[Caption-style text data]
-*-*-

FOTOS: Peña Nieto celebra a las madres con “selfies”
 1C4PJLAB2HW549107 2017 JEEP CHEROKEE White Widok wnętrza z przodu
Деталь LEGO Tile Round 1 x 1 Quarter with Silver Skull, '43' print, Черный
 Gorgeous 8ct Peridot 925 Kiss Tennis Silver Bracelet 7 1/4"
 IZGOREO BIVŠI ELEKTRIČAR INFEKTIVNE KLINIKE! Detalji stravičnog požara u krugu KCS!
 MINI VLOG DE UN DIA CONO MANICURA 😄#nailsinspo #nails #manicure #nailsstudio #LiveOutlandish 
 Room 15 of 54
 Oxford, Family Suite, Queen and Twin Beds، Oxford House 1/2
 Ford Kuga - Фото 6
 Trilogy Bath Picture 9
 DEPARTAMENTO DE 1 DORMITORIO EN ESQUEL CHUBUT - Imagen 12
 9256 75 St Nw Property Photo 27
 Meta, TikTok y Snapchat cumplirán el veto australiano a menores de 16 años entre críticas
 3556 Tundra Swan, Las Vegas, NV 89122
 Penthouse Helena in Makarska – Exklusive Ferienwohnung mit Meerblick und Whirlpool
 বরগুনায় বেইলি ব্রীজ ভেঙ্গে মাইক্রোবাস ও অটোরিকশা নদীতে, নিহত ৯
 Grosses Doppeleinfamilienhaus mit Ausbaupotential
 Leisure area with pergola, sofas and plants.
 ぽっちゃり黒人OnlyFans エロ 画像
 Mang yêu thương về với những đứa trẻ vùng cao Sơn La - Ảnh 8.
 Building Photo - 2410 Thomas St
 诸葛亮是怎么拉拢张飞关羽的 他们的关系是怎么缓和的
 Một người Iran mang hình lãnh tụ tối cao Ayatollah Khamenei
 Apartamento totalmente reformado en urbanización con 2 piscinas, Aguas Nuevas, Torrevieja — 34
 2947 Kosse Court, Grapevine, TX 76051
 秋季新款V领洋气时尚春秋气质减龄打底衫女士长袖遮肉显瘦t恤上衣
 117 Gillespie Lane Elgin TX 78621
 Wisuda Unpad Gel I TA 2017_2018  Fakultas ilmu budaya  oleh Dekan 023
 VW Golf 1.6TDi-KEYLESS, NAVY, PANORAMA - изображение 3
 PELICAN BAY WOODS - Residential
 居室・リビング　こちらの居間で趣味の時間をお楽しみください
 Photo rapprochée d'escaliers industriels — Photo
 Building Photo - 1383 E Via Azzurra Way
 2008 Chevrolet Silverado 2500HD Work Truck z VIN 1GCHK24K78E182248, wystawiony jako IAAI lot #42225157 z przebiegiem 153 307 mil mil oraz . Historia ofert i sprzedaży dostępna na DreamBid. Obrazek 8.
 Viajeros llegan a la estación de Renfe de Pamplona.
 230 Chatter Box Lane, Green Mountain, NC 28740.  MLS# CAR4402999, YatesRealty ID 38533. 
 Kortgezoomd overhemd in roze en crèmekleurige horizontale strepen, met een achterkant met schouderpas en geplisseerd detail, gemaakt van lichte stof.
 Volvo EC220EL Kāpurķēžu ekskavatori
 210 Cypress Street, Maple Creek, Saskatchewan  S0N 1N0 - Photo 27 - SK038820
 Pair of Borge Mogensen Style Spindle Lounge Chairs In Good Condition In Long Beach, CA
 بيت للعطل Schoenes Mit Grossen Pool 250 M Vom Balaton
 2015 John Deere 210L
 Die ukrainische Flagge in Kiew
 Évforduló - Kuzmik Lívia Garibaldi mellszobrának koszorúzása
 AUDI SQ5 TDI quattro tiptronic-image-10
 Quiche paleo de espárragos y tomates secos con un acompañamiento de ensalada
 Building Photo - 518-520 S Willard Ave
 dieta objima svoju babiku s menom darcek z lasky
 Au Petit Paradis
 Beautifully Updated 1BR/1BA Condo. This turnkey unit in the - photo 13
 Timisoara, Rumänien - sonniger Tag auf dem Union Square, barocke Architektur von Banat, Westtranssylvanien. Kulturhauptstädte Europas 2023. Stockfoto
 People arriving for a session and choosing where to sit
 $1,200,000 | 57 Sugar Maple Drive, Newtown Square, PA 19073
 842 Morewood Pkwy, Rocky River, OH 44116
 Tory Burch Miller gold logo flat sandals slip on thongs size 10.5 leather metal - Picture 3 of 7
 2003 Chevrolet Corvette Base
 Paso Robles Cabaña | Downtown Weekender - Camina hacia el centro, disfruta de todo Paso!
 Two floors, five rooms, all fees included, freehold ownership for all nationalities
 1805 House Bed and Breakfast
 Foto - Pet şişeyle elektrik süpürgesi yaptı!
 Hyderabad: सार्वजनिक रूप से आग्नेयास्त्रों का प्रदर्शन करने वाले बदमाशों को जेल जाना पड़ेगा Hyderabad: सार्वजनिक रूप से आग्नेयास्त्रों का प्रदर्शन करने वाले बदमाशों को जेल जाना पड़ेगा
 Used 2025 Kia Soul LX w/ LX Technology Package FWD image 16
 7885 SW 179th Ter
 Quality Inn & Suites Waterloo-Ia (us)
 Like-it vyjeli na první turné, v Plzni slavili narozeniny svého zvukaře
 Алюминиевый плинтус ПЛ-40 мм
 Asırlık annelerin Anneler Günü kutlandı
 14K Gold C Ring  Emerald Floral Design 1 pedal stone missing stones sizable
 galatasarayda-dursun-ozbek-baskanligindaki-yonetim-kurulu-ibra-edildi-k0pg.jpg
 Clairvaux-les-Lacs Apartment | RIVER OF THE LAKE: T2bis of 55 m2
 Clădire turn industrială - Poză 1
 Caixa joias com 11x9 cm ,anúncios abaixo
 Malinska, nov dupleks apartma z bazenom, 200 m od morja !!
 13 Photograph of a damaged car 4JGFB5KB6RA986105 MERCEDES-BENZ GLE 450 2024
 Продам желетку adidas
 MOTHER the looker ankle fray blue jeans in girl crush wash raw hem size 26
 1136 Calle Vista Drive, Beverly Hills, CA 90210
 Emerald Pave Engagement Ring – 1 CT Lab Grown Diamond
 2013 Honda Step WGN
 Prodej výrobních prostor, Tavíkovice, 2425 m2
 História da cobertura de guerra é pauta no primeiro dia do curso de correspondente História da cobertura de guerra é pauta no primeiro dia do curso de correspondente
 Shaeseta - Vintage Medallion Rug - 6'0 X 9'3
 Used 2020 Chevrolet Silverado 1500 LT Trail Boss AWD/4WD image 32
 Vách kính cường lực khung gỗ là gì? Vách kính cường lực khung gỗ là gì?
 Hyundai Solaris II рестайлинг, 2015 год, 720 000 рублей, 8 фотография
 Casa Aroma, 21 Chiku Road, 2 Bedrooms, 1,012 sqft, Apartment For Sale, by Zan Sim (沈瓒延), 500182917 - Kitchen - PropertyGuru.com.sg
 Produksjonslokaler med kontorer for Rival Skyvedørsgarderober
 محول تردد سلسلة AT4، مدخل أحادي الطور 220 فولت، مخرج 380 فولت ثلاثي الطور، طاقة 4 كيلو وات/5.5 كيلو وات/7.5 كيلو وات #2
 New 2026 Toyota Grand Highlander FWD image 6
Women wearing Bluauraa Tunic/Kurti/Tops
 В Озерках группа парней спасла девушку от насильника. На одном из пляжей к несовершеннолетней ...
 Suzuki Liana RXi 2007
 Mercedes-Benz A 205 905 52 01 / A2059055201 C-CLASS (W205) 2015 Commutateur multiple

-*-*-

## TRY IT
Across the entries above, how many lines contain "Emerald"? Provide only the count.

## PROBLEM SOLUTION
2